Many Texas families find that they need to seek changes to a child support order. A non-custodial parent may have to take a lower-paying job than they had when a family court judge first made the order, leaving them in need of lower child support payments. A child may begin attending a private school or experience another change that increases their living expenses. There is a variety of reasons why parents may seek a child support change.
Even when parents agree on a change to a child support order, they must put the changes in writing and get the judge to formalize the order. Until a judge signs a modified order, the person paying child support must continue doing so at the rate the judge ordered in the original support order. Both parents must complete a Petition to Modify the Parent-Child Relationship and submit it to the clerk's office in the county where a judge issued the original support order.

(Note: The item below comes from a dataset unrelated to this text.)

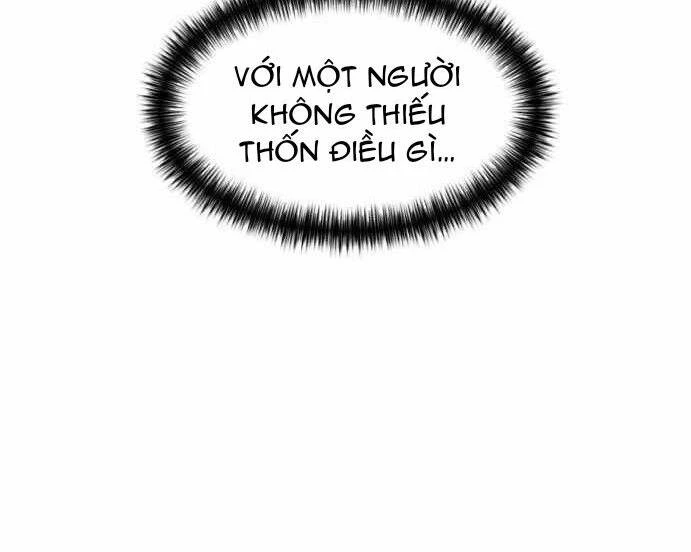 Khuôn Mặt Thiên Tài Chapter 27 - 56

Child support modifications are contested when both parents cannot agree on the changes to the support order. The parent seeking the order must prove to the court that a substantial material change, such as a new baby or a family violence incident, has occurred in the family's circumstances and that a new order would differ from the previous order by at least 20 percent or $100. Parents must file a Suit to Modify the Parent-Child Relationship to ask a judge to modify their support order.
Contested modifications are often complicated, and parents seeking a support order modification may have trouble proving to judges that their circumstances have changed enough to warrant a change. Family law attorneys are often able to assist clients in making their case to a judge and secure significant child support modifications.